Débora Maria da Silva, pesquisadora e integrante do Movimento Mães de Maio
Resultados
Desenvolvido durante dois anos, o trabalho averiguou sessenta casos registrados oficialmente de pessoas assassinadas, entre os dias 12 e 20 de maio de 2006, por arma de fogo na região metropolitana da Baixada Santista. O estudo se baseou no cruzamento de diferentes fontes de informação – boletins de ocorrência, laudos necroscópicos, inquéritos policiais, reportagens, estudos e relatórios –, somando às narrativas originadas de entrevistas com familiares.

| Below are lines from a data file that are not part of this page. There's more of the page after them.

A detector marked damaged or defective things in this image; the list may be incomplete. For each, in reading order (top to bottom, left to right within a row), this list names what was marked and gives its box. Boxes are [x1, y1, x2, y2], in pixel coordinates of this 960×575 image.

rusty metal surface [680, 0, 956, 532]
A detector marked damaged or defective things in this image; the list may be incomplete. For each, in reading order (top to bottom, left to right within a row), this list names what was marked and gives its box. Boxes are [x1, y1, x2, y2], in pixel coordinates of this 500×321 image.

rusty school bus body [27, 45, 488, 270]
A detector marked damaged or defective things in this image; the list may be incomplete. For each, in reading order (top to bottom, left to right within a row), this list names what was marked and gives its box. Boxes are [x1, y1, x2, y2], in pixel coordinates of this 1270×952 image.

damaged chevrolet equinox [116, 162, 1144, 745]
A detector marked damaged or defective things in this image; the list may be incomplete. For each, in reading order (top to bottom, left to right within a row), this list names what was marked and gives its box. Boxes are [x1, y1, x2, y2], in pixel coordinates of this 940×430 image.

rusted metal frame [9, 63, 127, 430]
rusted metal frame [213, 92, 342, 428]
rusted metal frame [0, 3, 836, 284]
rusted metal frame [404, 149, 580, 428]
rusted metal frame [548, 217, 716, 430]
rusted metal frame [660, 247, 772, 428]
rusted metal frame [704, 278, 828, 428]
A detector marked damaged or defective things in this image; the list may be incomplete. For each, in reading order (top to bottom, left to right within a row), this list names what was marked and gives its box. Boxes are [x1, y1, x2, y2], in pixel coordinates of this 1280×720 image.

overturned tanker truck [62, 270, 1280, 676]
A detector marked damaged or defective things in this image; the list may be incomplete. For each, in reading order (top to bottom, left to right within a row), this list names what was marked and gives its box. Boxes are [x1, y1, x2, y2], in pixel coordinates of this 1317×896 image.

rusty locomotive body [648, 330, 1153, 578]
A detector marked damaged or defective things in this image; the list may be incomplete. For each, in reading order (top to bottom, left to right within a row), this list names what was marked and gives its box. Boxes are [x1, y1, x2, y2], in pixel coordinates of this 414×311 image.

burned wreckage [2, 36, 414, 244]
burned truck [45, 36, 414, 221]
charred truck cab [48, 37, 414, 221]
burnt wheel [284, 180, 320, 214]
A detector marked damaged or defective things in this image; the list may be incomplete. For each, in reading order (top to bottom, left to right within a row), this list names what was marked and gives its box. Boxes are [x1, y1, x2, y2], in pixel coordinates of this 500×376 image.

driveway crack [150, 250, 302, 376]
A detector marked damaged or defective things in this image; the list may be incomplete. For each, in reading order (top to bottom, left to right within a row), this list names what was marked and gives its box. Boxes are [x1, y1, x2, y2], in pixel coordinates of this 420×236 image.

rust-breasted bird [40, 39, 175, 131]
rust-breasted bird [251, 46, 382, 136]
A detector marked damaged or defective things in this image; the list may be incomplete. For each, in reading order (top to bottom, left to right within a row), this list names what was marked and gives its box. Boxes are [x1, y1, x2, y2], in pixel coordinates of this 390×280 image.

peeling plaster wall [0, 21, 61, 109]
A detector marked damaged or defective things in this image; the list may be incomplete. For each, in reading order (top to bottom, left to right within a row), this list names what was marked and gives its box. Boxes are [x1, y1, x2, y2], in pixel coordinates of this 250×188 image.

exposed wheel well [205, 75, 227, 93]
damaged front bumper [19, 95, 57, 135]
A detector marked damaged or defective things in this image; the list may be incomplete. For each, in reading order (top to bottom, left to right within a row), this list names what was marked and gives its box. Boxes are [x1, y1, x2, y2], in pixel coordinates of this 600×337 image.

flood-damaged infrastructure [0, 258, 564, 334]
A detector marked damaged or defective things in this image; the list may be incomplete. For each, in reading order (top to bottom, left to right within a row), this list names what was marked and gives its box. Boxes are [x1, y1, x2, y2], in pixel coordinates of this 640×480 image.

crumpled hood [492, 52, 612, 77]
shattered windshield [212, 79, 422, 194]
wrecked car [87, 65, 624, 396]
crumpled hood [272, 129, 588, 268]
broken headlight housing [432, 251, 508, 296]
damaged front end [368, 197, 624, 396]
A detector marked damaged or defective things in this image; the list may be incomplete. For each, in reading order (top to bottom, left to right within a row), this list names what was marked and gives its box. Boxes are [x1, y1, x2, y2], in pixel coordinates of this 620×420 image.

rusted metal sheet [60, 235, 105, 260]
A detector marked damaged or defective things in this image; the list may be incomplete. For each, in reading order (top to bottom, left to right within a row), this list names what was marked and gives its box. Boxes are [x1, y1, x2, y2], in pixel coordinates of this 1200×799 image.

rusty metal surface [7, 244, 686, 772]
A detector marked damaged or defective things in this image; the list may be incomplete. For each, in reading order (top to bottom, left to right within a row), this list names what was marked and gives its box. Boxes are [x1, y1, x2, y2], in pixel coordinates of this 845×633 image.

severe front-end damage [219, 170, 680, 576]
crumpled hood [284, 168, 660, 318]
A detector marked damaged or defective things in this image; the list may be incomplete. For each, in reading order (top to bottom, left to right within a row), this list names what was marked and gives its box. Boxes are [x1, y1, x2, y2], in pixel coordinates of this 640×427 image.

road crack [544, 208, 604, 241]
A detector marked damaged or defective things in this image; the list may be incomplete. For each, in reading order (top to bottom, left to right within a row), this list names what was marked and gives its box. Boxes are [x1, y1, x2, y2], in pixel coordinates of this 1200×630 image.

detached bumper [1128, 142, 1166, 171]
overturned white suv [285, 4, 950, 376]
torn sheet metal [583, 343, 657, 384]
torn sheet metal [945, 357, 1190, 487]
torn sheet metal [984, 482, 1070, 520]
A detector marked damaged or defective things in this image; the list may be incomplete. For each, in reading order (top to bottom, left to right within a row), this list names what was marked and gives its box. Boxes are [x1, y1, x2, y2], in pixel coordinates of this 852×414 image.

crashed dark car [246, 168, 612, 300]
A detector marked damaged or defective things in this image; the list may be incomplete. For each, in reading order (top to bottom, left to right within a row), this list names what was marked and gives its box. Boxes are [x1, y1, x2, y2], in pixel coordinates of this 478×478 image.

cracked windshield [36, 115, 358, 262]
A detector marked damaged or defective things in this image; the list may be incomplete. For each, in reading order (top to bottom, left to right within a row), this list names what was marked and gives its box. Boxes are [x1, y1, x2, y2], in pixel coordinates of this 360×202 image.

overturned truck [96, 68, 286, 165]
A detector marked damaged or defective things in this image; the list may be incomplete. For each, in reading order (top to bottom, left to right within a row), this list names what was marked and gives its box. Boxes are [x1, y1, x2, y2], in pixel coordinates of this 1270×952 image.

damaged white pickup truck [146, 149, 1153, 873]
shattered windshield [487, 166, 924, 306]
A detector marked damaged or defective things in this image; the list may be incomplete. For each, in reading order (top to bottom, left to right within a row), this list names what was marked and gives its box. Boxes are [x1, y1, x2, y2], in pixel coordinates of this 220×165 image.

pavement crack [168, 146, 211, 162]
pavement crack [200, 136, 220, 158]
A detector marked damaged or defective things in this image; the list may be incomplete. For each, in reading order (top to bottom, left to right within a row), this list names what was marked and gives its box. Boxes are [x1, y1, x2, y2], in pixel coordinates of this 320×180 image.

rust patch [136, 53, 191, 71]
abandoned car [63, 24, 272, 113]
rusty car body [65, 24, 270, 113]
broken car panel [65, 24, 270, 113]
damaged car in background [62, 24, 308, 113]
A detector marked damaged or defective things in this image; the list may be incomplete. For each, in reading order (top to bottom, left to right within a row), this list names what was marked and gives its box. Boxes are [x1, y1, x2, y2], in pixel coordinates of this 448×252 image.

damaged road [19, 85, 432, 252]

De acordo com a pesquisa, os casos analisados são representativos de um padrão de violência de Estado, pois suas mortes foram caracterizadas ou como resistência seguida de morte ou por ação de grupos de extermínio (sob suspeita de participação de agentes públicos). Dentre a análise quantitativa dos crimes, foi observado que a dinâmica de violência aconteceu no período da noite e início da madrugada e com maior incidência nas cidades centrais e mais populosas da região da Baixada Santista (Guarujá, Santos e São Vicente). A relação de mortes de agentes de segurança e de civis é de um para seis, respectivamente. Sobre o indício de execuções sumárias, foi visto que houve um alto número de disparos por vítima (4,81) e em regiões de alta letalidade (32% na cabeça e 30% no tórax). Já no mapeamento e geoprocessamento, os crimes aconteceram em regiões periféricas e, alguns casos, nota-se à proximidade com morros e favelas, locais onde a atuação do poder público é escassa (veja mais detalhes na apresentação resumida do relatório aqui).
Cooperação internacional
Fruto de uma colaboração institucional entre o CAAF e o Centro Latino-Americano – Escola de Estudos Interdisciplinares e de Área da Universidade de Oxford, o projeto de pesquisa Violência do Estado no Brasil: um estudo dos Crimes de Maio de 2006 na perspectiva da Antropologia Forense e da Justiça de Transição foi financiado pelo programa Institutional Links do Newton Fund no Brasil.
A parceria entre as universidades propiciou, inclusive, a promoção de debates sobre os temas direitos humanos, violência de Estado, antropologia forense, justiça de transição e segurança pública realizados em cada uma das instituições com a participação de estudantes, docentes, especialistas, pesquisadores e militantes de movimentos sociais vinculados a esses temas.